→ Exercise instructions:
Leaving out the pictures, return word for word the stretch of entries below from the line holding "De viool van Dario | 9789044847765" through the line holding "Cabañas El Challao".

→ Records for this exercise:
- - -
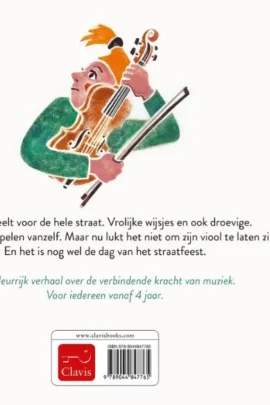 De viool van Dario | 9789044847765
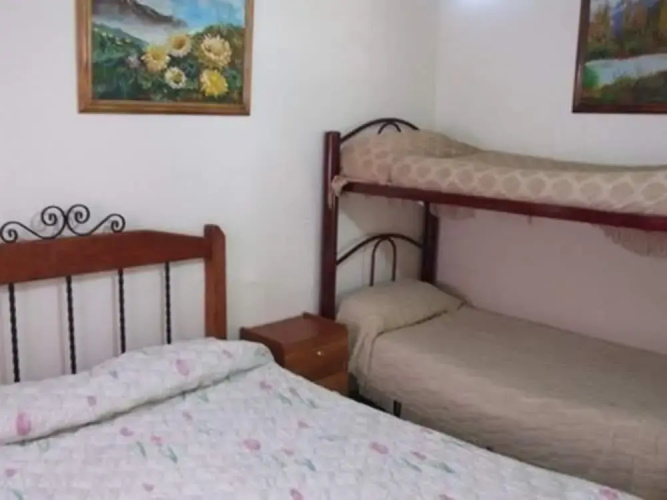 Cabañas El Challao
- - -
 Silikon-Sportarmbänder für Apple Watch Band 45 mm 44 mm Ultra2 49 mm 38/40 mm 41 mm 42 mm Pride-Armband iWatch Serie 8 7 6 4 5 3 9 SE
- - -
→ Written response:
 De viool van Dario | 9789044847765
 Cabañas El Challao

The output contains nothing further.